Set down without change every line from the line that contains "picture no. 3" through the end of the listing, and only those lines. No pictures.

Collected data:
*** Block opens ***
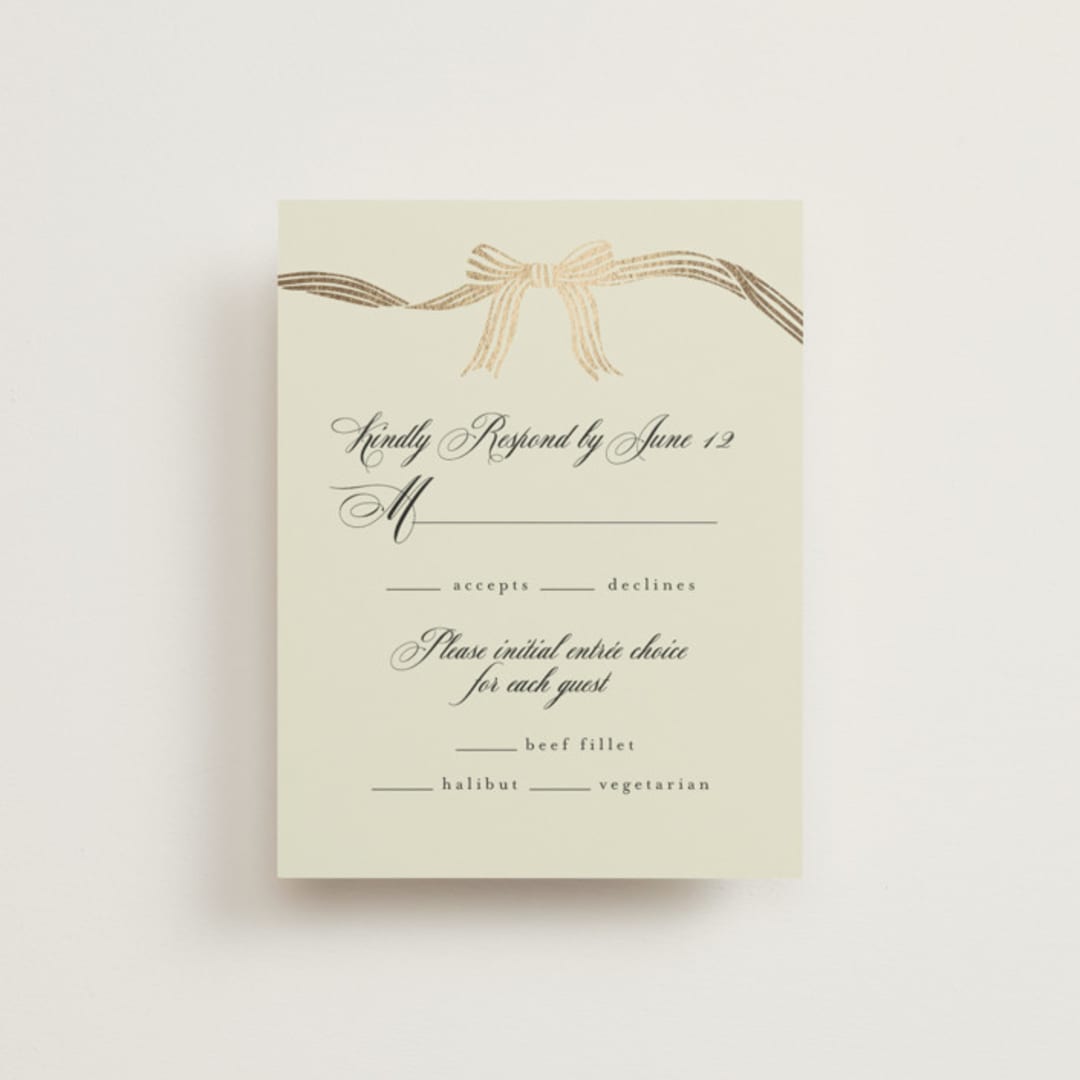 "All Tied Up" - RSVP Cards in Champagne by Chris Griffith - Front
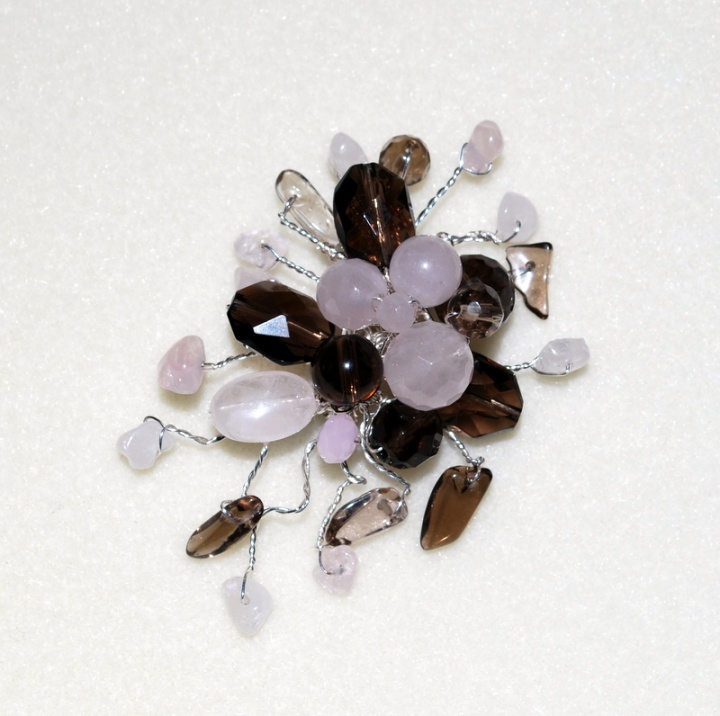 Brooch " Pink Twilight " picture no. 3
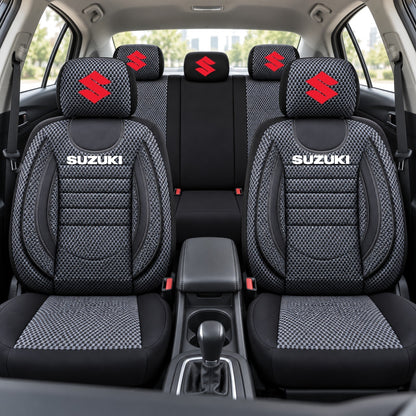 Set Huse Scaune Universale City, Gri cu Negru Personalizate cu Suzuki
*** Block closes ***
Written answer:
 Brooch " Pink Twilight " picture no. 3
 Set Huse Scaune Universale City, Gri cu Negru Personalizate cu Suzuki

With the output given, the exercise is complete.